**What is needed:** Exactly reproduce the line containing "Viltrox AF 85mm f/1.4 Pro FE (Sony E)" and all later lines to the end of the entries, leaving the pictures out of your copy.

Captioned web images:
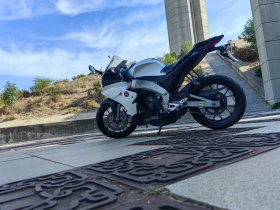 Aprilia Rs RS4 | Mobile.bg    3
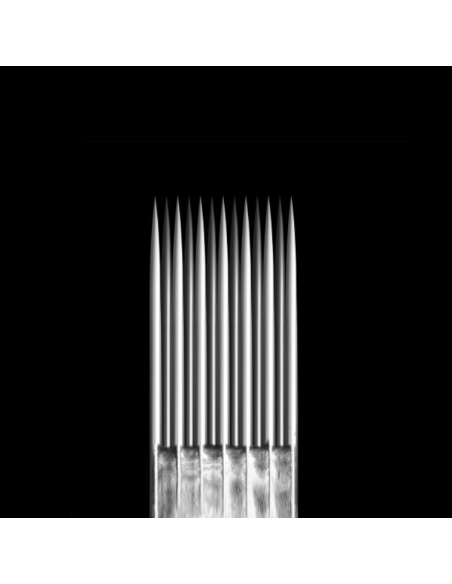 Kwadron Magnum - Long Taper 0,30
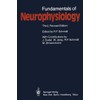 Fundamentals of Neurophysiology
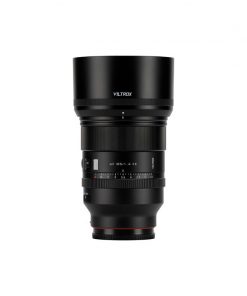 Viltrox AF 85mm f/1.4 Pro FE (Sony E)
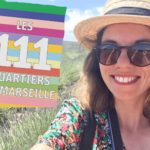 111 quartiers de Marseille, quartiers de Marseille, Visiter Marseille, Guide Marseille, Visite Guidée Marseille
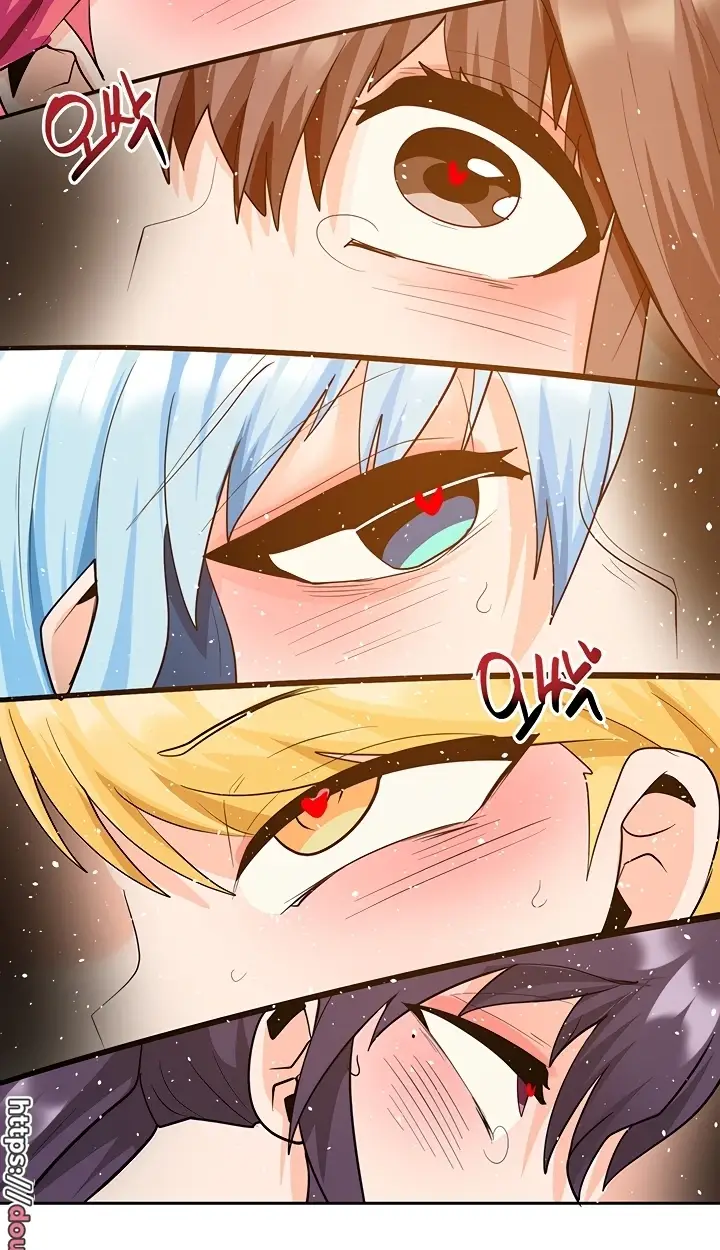 image-komik-the-hypnosis-app-was-fake-chapter-55-99/122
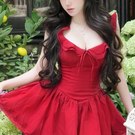 �˵��D���H�ɮ�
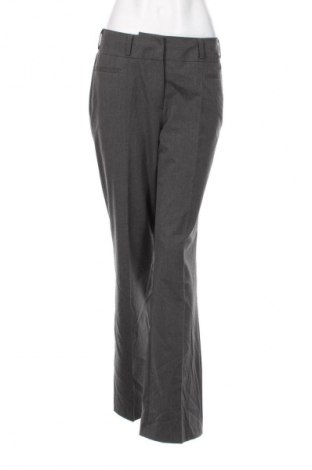 Pantaloni de femei Your Sixth Sense, Mărime S, Culoare Gri, Preț 38,99 Lei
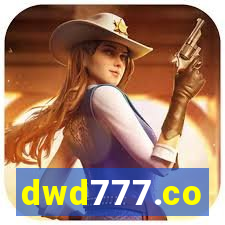 dwd777.co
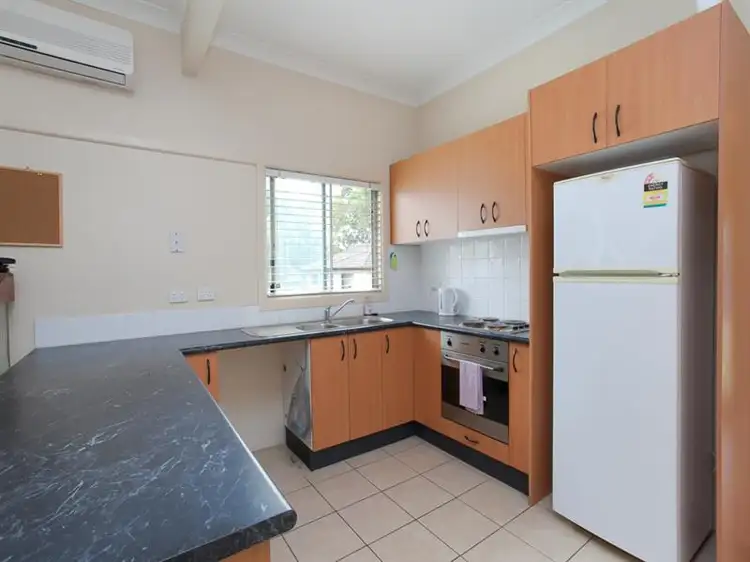 Fifth view of Homely house listing, 45 Rundle Avenue, Wallsend NSW 2287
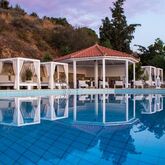 Happy Cretan Apartments & Suites Hotel Picture 0
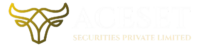 ACESET SECURITIES
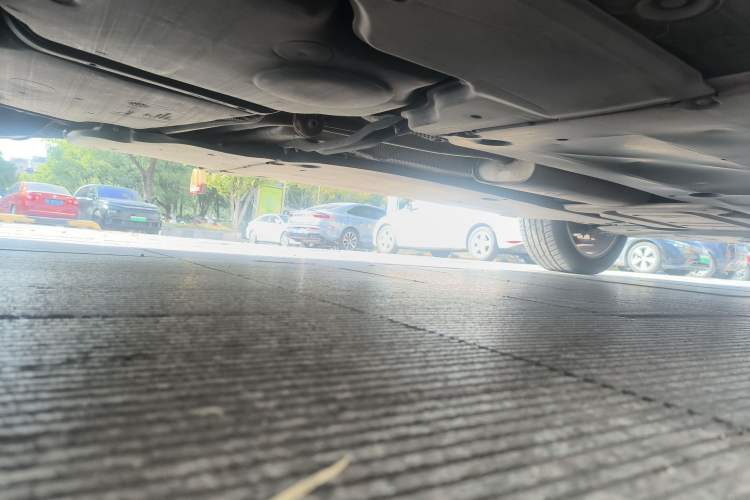 Used Volkswagen T-Cross 2021 280TSI DSG Comfort Edition
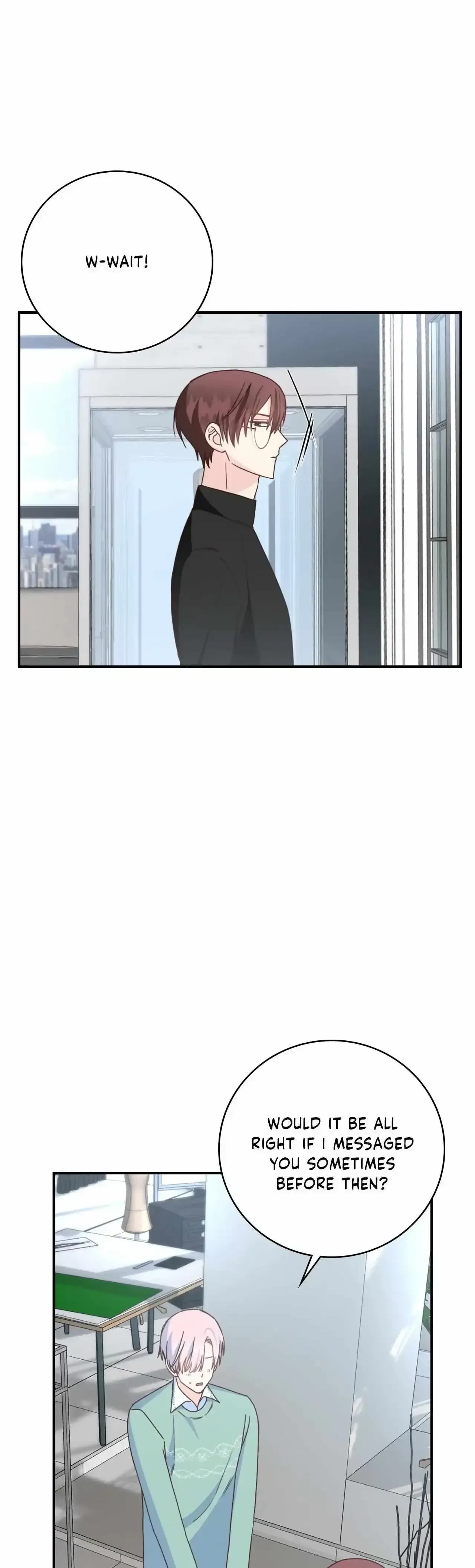 Chapter 49, page 23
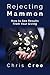 Rejecting Mammon: How to See Results From Your Giving
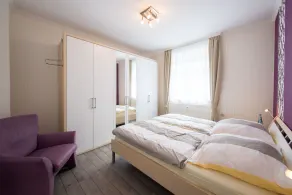 Weitblick-Ferienwohnung - Image 4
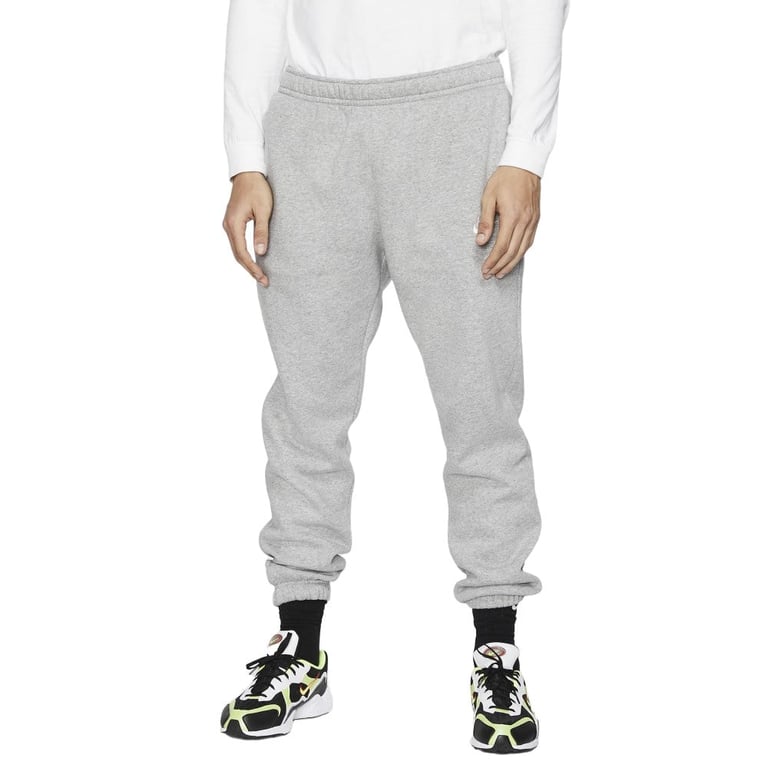 Sportswear Club Fleece Trackpants
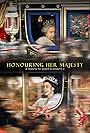 Honouring Her Majesty: A Tribute to Queen Elizabeth II (2022)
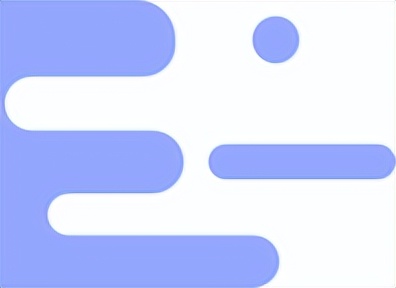 “敲门”别再说“knockthedoor”,老外听了可能要报警!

**The answer:**
 Viltrox AF 85mm f/1.4 Pro FE (Sony E)
 111 quartiers de Marseille, quartiers de Marseille, Visiter Marseille, Guide Marseille, Visite Guidée Marseille
 image-komik-the-hypnosis-app-was-fake-chapter-55-99/122
 �˵��D���H�ɮ�
 Pantaloni de femei Your Sixth Sense, Mărime S, Culoare Gri, Preț 38,99 Lei
 dwd777.co
 Fifth view of Homely house listing, 45 Rundle Avenue, Wallsend NSW 2287
 Happy Cretan Apartments & Suites Hotel Picture 0
 ACESET SECURITIES
 Used Volkswagen T-Cross 2021 280TSI DSG Comfort Edition
 Chapter 49, page 23
 Rejecting Mammon: How to See Results From Your Giving
 Weitblick-Ferienwohnung - Image 4
 Sportswear Club Fleece Trackpants
 Honouring Her Majesty: A Tribute to Queen Elizabeth II (2022)
 “敲门”别再说“knockthedoor”,老外听了可能要报警!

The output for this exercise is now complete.